In order to avoid diluting the brew even more, I added straight honey rather than dissolved honey - which sank straight to the bottom of a fairly full carboy. I'll try gently agitating each day to mix it up, but not sure how long things will take to homogenise. I don't have any fancy stirring gear that can get through the carboy neck and reach the bottom.

Any thoughts on how best to homogenise the brew? Would it work better if I just let it sit as is? Is there a better way to add the second lot of honey when making a sweet mead on a 5L scale? I have read a recipe where you just add all the honey at the outset, but another recipe recommended against this as it reckoned the yeast won't tolerate that level of sugar in one go.

Thoughts appreciated!

Matt
 
We did a first racking of our first ever mead, and the result was a tad watery with a slight sweet flavour and about 4% alcohol after a three week ferment (folowing a 5L, dry mead recipe). Plenty of sediment. We wanted a higher alcohol content so, following a sweet mead recipe, added more honey (the recipe didn't specify how).

In order to avoid diluting the brew even more, I added straight honey rather than dissolved honey - which sank straight to the bottom of a fairly full carboy. I'll try gently agitating each day to mix it up, but not sure how long things will take to homogenise. I don't have any fancy stirring gear that can get through the carboy neck and reach the bottom.

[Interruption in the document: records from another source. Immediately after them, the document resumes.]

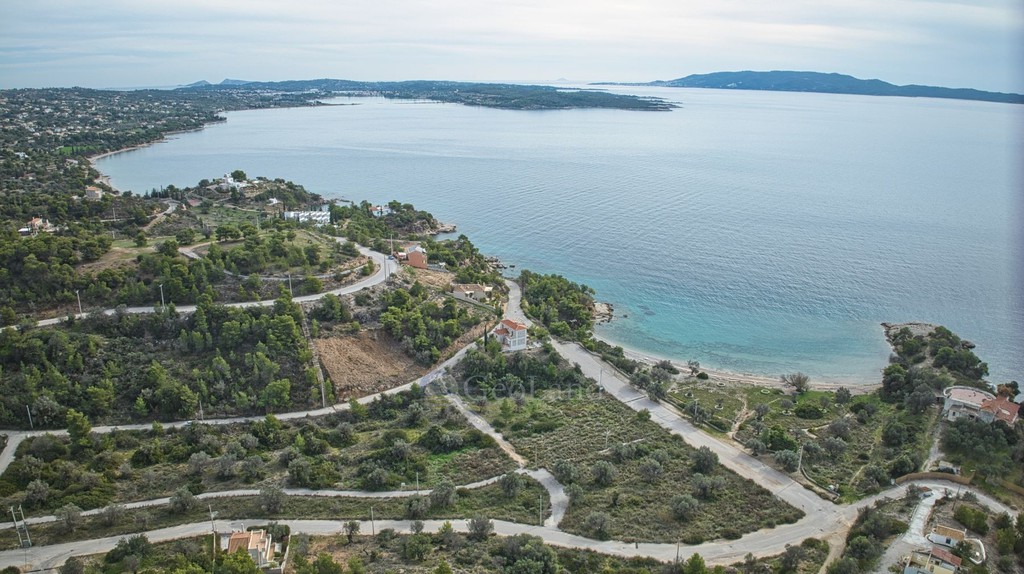 Οικόπεδο 440 τ.μ. πρός πώληση, Αργολίδα, Κρανίδι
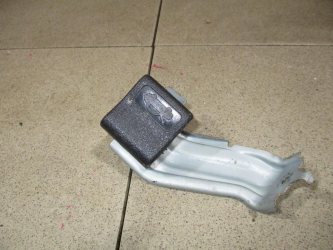 Ручка открывания капота Subaru Outback B15, BS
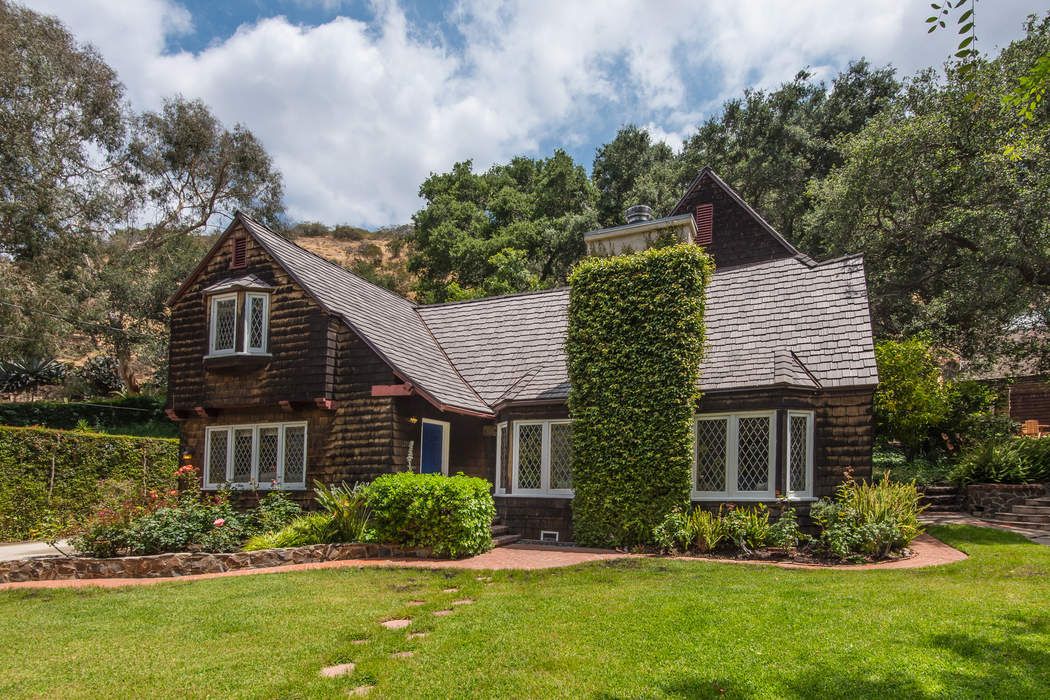 1722 Benedict Canyon Drive, Beverly Hills, CA 90210 Sotheby's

Any thoughts on how best to homogenise the brew? Would it work better if I just let it sit as is? Is there a better way to add the second lot of honey when making a sweet mead on a 5L scale? I have read a recipe where you just add all the honey at the outset, but another recipe recommended against this as it reckoned the yeast won't tolerate that level of sugar in one go.

Thoughts appreciated!

Matt

Diluting in hot water is really the only way I have found to get honey thin enough to mix in easily. I suppose you could try heating it till its really runny. You don't need much water to thin it down sufficiently so I wouldn't worry too much about diluting the brew. You are adding a lot more honey than you are water.

Be careful when stirring or agitating as you don't want to introduce oxygen as that can spoil the mead before the yeast kick back into l8ife and start using it up again.

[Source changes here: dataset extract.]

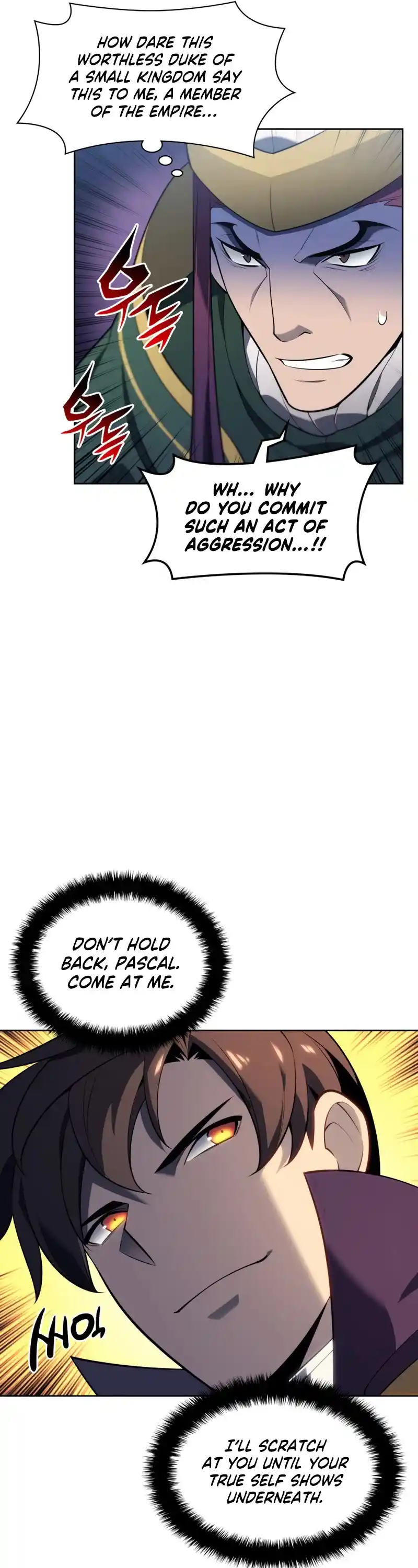 Overgeared Chapter 143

Once fermentation picks up again it should dissolve of its own accord... eventually... as diffusion and the yeast churning mix things up. Unless its a really, really thick honey and things are kept cool. Warming things up a bot will soften things and help with the mixing.

Cheers
Dave
 
Diluting in hot water is really the only way I have found to get honey thin enough to mix in easily. I suppose you could try heating it till its really runny. You don't need much water to thin it down sufficiently so I wouldn't worry too much about diluting the brew. You are adding a lot more honey than you are water.

Be careful when stirring or agitating as you don't want to introduce oxygen as that can spoil the mead before the yeast kick back into l8ife and start using it up again.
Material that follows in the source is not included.